Exercise requirements >> Copy out each line from the material where the word "Vintage" is found.

Provided data >>
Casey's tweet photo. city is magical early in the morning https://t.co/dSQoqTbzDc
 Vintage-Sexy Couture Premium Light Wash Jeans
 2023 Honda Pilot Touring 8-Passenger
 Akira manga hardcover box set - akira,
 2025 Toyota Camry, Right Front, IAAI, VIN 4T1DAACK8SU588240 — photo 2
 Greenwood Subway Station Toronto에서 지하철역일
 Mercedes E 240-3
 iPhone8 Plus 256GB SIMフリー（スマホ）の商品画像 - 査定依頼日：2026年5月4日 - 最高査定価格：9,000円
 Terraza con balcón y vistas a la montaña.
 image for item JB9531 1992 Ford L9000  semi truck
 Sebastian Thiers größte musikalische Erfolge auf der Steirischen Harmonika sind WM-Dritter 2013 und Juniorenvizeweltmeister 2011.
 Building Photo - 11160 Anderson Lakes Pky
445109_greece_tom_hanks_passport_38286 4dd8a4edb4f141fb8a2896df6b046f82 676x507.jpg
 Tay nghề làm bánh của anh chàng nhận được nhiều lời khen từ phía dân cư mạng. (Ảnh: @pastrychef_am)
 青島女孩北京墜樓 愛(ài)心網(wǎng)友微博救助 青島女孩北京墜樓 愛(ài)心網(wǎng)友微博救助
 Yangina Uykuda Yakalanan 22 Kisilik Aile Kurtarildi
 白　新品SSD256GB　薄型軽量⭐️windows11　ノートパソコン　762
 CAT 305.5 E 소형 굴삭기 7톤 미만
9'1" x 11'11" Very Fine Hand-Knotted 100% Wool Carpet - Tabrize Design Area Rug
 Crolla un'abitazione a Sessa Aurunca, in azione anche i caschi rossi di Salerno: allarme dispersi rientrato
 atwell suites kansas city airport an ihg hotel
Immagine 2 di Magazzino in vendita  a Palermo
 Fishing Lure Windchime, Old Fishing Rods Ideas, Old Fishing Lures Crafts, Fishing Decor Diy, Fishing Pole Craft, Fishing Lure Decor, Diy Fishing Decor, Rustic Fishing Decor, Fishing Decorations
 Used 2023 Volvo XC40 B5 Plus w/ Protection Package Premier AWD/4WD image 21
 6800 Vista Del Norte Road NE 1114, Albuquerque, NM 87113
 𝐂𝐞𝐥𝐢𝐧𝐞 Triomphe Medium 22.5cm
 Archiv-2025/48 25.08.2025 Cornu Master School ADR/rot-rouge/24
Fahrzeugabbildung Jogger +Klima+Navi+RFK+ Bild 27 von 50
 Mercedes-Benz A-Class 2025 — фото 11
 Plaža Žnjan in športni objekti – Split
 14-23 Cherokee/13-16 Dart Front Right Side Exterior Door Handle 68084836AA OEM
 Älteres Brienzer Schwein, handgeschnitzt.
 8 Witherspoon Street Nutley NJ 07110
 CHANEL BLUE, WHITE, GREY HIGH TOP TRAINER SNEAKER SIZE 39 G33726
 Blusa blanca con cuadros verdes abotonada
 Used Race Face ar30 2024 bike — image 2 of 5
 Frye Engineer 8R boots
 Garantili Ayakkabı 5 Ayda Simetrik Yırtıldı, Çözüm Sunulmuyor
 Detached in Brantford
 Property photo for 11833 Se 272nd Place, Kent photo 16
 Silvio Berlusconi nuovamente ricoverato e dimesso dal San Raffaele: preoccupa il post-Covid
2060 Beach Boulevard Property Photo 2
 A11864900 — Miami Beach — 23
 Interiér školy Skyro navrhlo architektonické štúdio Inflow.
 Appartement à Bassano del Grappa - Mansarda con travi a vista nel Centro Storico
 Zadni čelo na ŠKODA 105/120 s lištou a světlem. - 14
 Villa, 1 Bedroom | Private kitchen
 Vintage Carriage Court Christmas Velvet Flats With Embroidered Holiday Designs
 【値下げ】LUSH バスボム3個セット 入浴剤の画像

Response to the exercise >>
 Vintage-Sexy Couture Premium Light Wash Jeans
 Vintage Carriage Court Christmas Velvet Flats With Embroidered Holiday Designs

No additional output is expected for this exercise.